[Task description] Please return only the lines from the one holding "WOMEN】ラフタッチロゴ ベーシックTシャツ" through the one holding "Exel Hit & Miss", exactly as they appear in the records below, both ends included.

[Material for this exercise]
::::::

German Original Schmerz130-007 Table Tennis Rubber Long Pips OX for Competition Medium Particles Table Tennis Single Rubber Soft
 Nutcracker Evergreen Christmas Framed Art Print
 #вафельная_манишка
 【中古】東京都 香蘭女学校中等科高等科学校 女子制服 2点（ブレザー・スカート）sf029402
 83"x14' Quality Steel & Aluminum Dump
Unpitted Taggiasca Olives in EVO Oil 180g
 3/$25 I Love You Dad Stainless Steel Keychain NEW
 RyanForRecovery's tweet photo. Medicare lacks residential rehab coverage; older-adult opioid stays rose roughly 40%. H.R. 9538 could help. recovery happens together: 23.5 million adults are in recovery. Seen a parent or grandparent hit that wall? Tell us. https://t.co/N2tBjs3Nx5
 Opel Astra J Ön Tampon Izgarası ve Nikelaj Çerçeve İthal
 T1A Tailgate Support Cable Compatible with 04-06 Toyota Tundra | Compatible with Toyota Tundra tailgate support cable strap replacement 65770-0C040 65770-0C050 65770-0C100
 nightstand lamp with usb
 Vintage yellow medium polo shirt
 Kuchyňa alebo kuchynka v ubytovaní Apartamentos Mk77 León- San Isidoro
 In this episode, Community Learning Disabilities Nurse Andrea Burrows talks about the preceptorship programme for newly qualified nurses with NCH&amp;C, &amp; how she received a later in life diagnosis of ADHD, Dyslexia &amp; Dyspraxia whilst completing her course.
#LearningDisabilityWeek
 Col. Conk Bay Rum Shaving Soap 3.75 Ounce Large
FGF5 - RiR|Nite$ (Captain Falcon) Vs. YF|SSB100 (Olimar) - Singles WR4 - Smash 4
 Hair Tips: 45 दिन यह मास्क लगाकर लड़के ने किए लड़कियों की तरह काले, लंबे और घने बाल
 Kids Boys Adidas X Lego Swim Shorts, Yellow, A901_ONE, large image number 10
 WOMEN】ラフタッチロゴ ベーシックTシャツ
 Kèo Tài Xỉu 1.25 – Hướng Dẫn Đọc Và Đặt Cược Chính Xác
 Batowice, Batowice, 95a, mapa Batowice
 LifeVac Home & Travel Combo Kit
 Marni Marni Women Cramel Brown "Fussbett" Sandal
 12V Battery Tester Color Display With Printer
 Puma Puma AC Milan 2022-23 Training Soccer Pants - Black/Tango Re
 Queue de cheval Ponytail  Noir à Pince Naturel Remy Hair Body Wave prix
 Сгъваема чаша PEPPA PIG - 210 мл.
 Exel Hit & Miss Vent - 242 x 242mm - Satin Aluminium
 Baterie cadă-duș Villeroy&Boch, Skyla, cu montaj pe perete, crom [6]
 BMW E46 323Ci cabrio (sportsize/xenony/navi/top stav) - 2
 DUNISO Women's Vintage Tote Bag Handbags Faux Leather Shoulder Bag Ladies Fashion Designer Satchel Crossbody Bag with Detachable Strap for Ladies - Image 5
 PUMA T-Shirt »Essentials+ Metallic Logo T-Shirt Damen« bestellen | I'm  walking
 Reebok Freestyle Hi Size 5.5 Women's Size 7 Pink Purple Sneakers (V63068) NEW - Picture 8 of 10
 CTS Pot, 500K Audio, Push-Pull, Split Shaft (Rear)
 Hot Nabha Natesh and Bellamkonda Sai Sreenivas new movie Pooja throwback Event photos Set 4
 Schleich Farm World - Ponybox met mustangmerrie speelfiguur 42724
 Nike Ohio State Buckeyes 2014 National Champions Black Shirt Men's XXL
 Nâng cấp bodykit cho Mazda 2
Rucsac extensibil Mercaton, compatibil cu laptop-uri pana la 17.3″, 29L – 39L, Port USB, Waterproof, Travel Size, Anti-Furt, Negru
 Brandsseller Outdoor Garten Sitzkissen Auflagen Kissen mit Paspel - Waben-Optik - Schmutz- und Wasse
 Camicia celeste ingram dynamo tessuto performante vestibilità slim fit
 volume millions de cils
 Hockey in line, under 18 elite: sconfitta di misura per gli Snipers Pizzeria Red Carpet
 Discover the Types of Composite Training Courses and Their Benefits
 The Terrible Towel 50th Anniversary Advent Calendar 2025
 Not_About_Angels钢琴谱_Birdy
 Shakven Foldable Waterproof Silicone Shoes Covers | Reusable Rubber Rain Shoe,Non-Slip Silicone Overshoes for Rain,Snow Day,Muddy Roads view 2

::::::

[Written answer]
 WOMEN】ラフタッチロゴ ベーシックTシャツ
 Kèo Tài Xỉu 1.25 – Hướng Dẫn Đọc Và Đặt Cược Chính Xác
 Batowice, Batowice, 95a, mapa Batowice
 LifeVac Home & Travel Combo Kit
 Marni Marni Women Cramel Brown "Fussbett" Sandal
 12V Battery Tester Color Display With Printer
 Puma Puma AC Milan 2022-23 Training Soccer Pants - Black/Tango Re
 Queue de cheval Ponytail  Noir à Pince Naturel Remy Hair Body Wave prix
 Сгъваема чаша PEPPA PIG - 210 мл.
 Exel Hit & Miss Vent - 242 x 242mm - Satin Aluminium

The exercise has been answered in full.